I'm not craving so much, nothing intolerable certainly, I just can't seem to function. Another thing is that I am getting depressed.
I read through the facts on the parent site. What to expect from day x through y. I feel a bit better now after reading that, so now I'm in a wait and see. Not that I have anything else to do, he he.
I'm a bit out of order and scattered, so bear with me.
I'm 37. Started smoking Marlboro reds at age 13. Basically chain smoked until 1993 (age 22) when I started to dip Kodiak. So I dipped for like 14 or 15 years.
My hope (I think it's appropriately placed) is that I haven't caused too much permanent damage to my body.
Nice to meet you folks.
-Jon
welcome to the site jon! you're in the midst of what we refer to as "the fog". the good news is that it DOES end! glad to have you here!
THE FOGyou're a couple of days/weeks in... you're feeling good about your decision to quit... but some thing's just not quite right... you feel "dizzy". maybe not quite dizzy, but like you've had a beer or two. you're "off". you don't feel quite right. you can't concentrate. reading is difficult and typing is damn near impossible.

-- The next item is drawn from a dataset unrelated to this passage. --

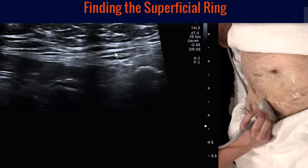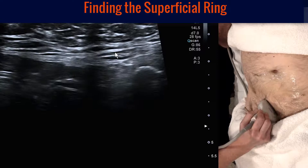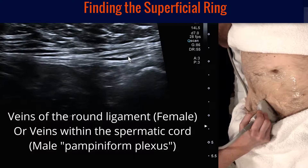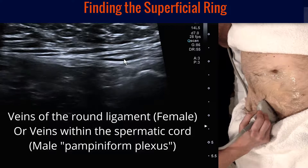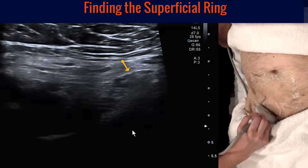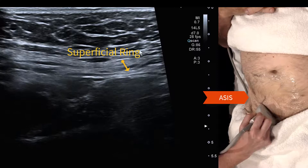Now take the pressure off and move another five millimeters to a centimeter. We're looking for veins - the moment we take our pressure off we can see the pampiniform veins that accompany the spermatic cord or the vas deferens. Once we've found the veins we know we're close to the superficial ring. At this point, rotate the top of the camera towards the ASIS and we can see the spermatic cord and follow the posterior wall of the inguinal canal up towards the ASIS.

welcome to the fog ladies and gentlemen. i can tell you that it will pass. i can't tell you when. i can't tell you how foggy it will be... but i can tell you that you'll get out of it.
i quit on july 24th, 2006. my birthday was august 2nd. i literally don't remember what i did that day i was so foggy. i was playing ping pong with a co-worker that week and almost fell over... i was having trouble tracking the ball. i couldn't concentrate on work. i couldn't think about family. i was focused on my quit and how bad life SUCKED without my friend the kodiak bear.
and then something happened ~~ the fog lifted. i saw the light. i didn't need dip anymore. sure there were bad days, but i wasn't feeling like crap anymore.
you too will see the light -- you too will get out of the fog.
i promise you!!! i know it's difficult to believe at this point in your quit, but trust me/us -- we know what we're talking about.
realize this... you NEVER have to go through the fog again once you get through it -- unless you cave.
you never have to feel this crappy again -- unless you cave.
you've taken the first step, you're quit and you're on the site. now take the next step and walk through the fog. you'll have a new outlook, a bunch of great friends and a dipfree life!